Gli xenografti tumorali derivati dal paziente (PDX) sono considerati i modelli preclinici più predittivi, in gran parte ritenuti guidati da cellule staminali tumorali (CSC) per la valutazione convenzionale dei farmaci antitumorali. Una vasta libreria di PDX riflette la diversità delle popolazioni di pazienti e consente quindi studi preclinici basati sulla popolazione (“Studi clinici sul topo simili alla fase II”); tuttavia, pdx ha limitazioni pratiche di bassa produttività, costi elevati e lunga durata. Gli organoidi tumorali, essendo anche modelli guidati dal CSC derivati dal paziente, possono essere considerati come l’equivalente in vitro del PDX, superando alcune limitazioni PDX per trattare grandi librerie di organoidi o composti. Questo studio descrive un metodo per creare organoidi derivati dalla PDX (PDXO), risultando così in modelli accoppiati per la ricerca farmacologica in vitro e in vivo. I tumori PDX-CR2110 trapiantati per via sottocutanea sono stati raccolti da topi portanti di tumore quando i tumori hanno raggiunto i 200-800 mm3, secondo una procedura di autopsia approvata, seguita dalla rimozione dei tessuti non tumorali adiacenti e dissociazione in piccoli frammenti tumorali. I piccoli frammenti tumorali sono stati lavati e passati attraverso un colino cellulare di 100 μm per rimuovere i detriti. I grappoli cellulari sono stati raccolti e sospesi in soluzione di estratto di membrana basale (BME) e placcati in una piastra da 6 po ‘come una goccia solida con mezzi liquidi circostanti per la crescita in un incubatore di CO2. La crescita organoide è stata monitorata due volte alla settimana sotto microscopia ottica e registrata dalla fotografia, seguita da una variazione media liquida 2 o 3 volte a settimana. Gli organoidi coltivati furono ulteriormente passaggi (7 giorni dopo) con un rapporto di 1:2 interrompendo gli organoidi incorporati BME usando la cesoia meccanica, aiutati dall’aggiunta di tripina e dall’aggiunta di 10 μM Y-27632. Gli organoidi sono stati crioconservati in crio-tubi per la conservazione a lungo termine, dopo il rilascio dal BME per centrifugazione, e anche campionati (ad esempio, DNA, RNA e blocco FFPE) per un’ulteriore caratterizzazione.

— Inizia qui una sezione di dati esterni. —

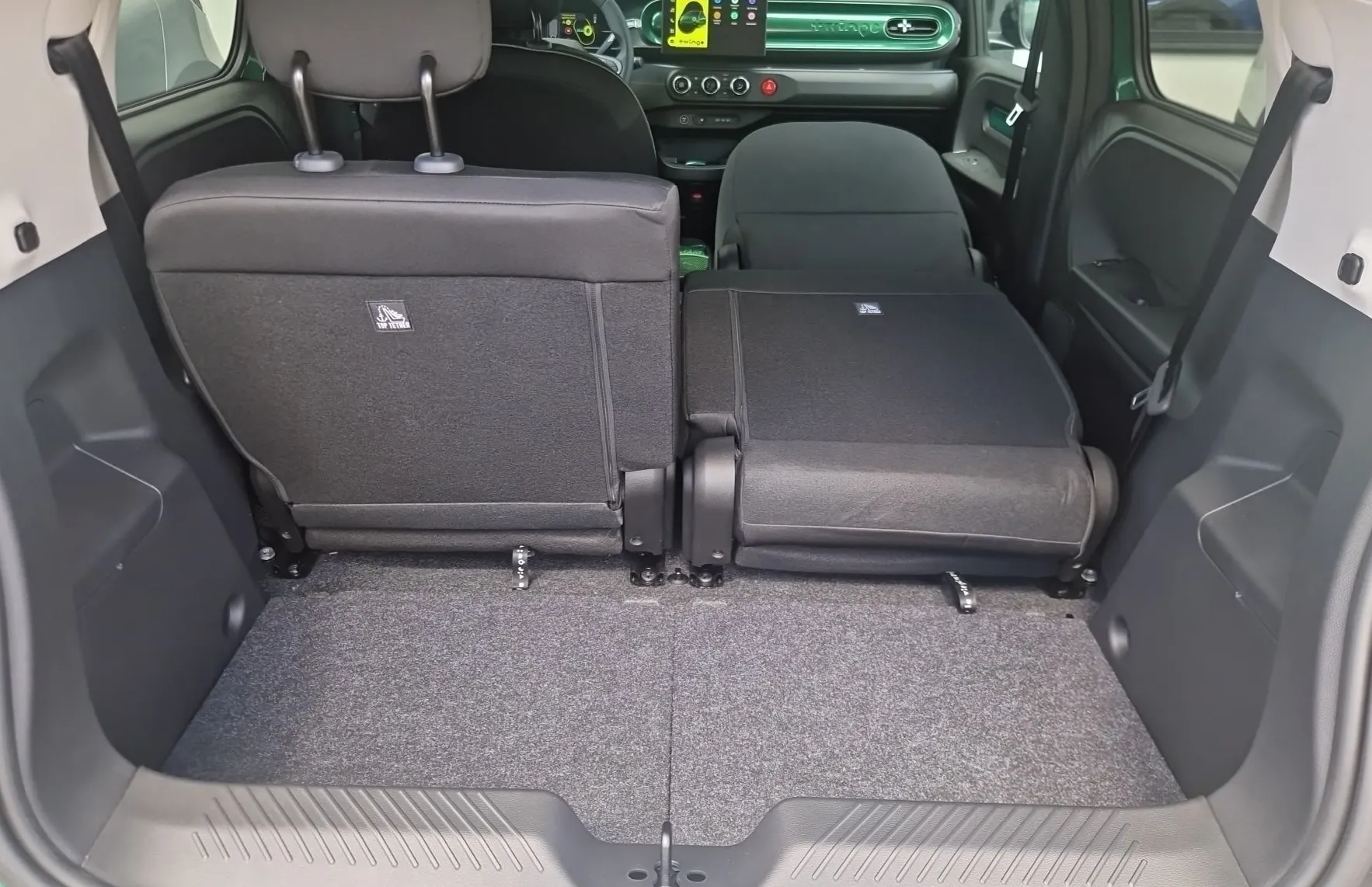Zunanja slika - Renault Twingo - E-Tech Techno - 18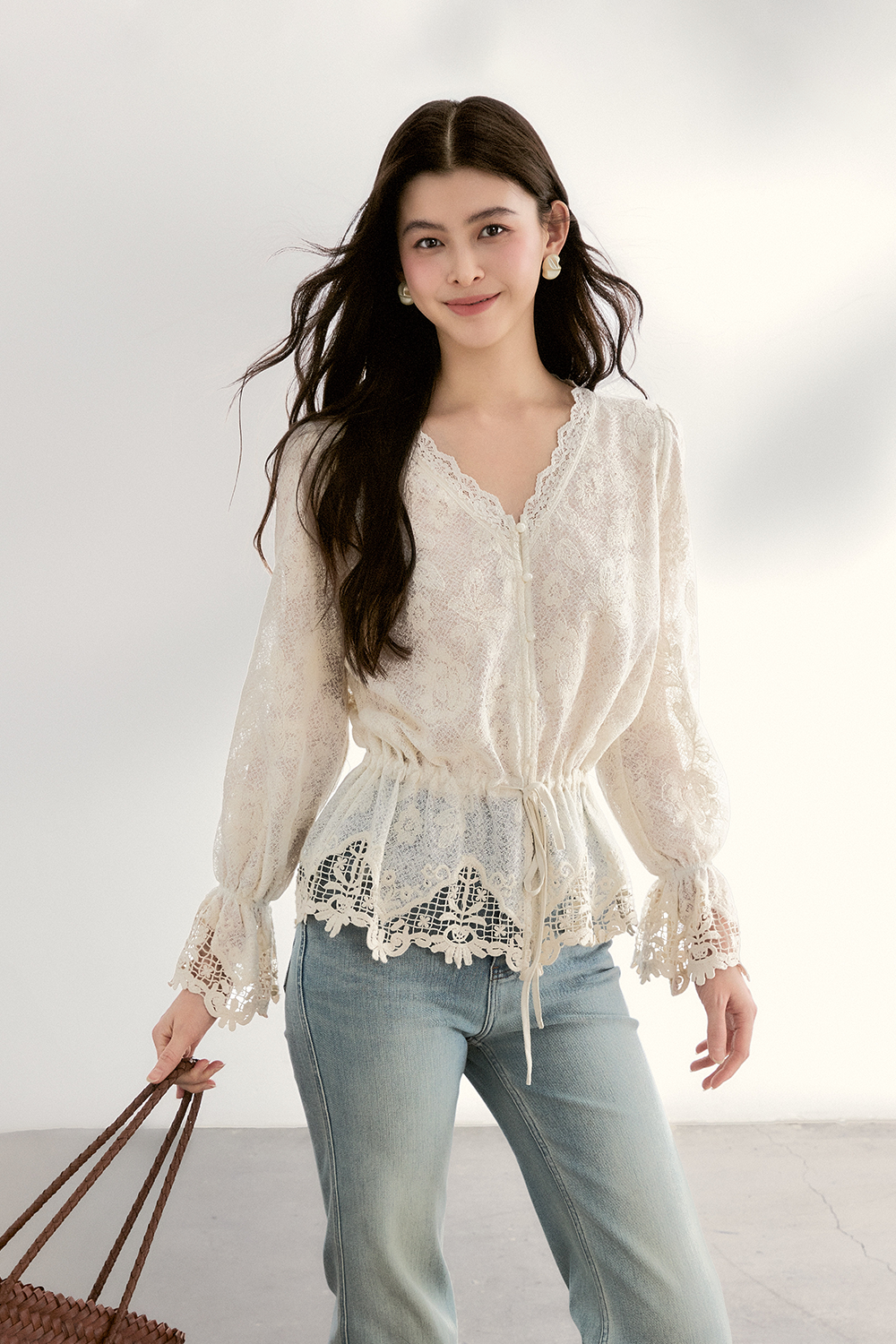 Blouses for Women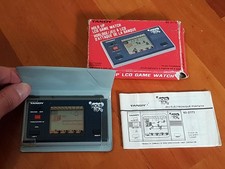Game Watch Hold Up de Tandy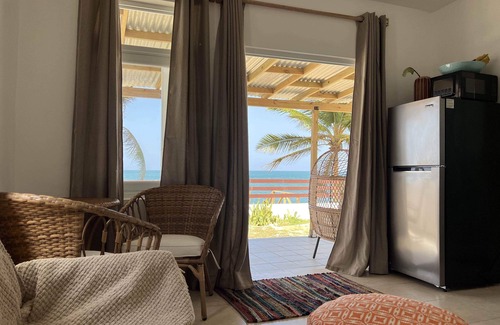 Islote Hotel | Casita del Mar Romantic Beach Retreat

I tumori sono una raccolta di diversi disturbi genetici e immunologici. Lo sviluppo riuscito di trattamenti efficaci dipende fortemente da modelli sperimentali che prevedono efficacemente i risultati clinici. Grandi librerie di xenoinnesti ben caratterizzati di origine paziente (PDX) sono state a lungo viste come il sistema trascizionale in vivo di scelta per testare terapie chemio- e / o mirate grazie alla loro capacità di ricapitolare le caratteristiche tumorali del paziente, l’eterogeneità e la risposta del farmaco delpaziente 1, consentendo così agli studi clinici sul topo di fase II di migliorare ilsuccesso clinico 2,3. I PDX sono generalmente considerati malattie delle cellule staminali tumorali, con stabilità genetica, in contrasto con gli xenoinnesti derivati dalla lineacellulare 2. Negli ultimi decenni, grandi collezioni di PDX sono state create in tutto il mondo, diventando oggi il cavallo di battaglia dello sviluppo di farmaci antitumorali. Sebbene ampiamente utilizzati e con un grande valore trasdizionale, questi modelli animali sono intrinsecamente costosi, dispendiosi in termini di tempo e bassa produttività, quindi inadeguati per lo screening su larga scala. La PDX è anche indesiderabile per i test di immuno-oncologia (IO) a causa di una natura immuno-compromessa4. Non è quindi pratico sfruttare appieno la grande libreria disponibile di PDX.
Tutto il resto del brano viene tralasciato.